▶ [How to complete this task] Only one stretch of the records below is wanted: the lines from the one holding "Gulvtæppe BANDIRMA Brun" through the one holding "4 feet firewood". Return it exactly, both ends included.

▶ [Study material]
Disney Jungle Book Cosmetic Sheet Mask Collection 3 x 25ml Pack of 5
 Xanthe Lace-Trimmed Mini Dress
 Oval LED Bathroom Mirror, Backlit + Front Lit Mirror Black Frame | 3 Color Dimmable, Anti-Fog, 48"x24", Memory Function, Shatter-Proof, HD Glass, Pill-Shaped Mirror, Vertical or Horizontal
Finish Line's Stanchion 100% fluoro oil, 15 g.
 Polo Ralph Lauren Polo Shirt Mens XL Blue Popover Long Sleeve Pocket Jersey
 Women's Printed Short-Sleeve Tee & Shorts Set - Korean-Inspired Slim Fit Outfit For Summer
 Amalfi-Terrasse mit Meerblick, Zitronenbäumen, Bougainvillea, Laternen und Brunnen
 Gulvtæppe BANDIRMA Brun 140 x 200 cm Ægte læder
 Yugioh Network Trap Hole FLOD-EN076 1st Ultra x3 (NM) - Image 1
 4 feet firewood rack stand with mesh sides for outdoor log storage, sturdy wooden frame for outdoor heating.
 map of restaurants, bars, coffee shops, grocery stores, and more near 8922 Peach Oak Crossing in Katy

▶ [Exercise answer]
 Gulvtæppe BANDIRMA Brun 140 x 200 cm Ægte læder
 Yugioh Network Trap Hole FLOD-EN076 1st Ultra x3 (NM) - Image 1
 4 feet firewood rack stand with mesh sides for outdoor log storage, sturdy wooden frame for outdoor heating.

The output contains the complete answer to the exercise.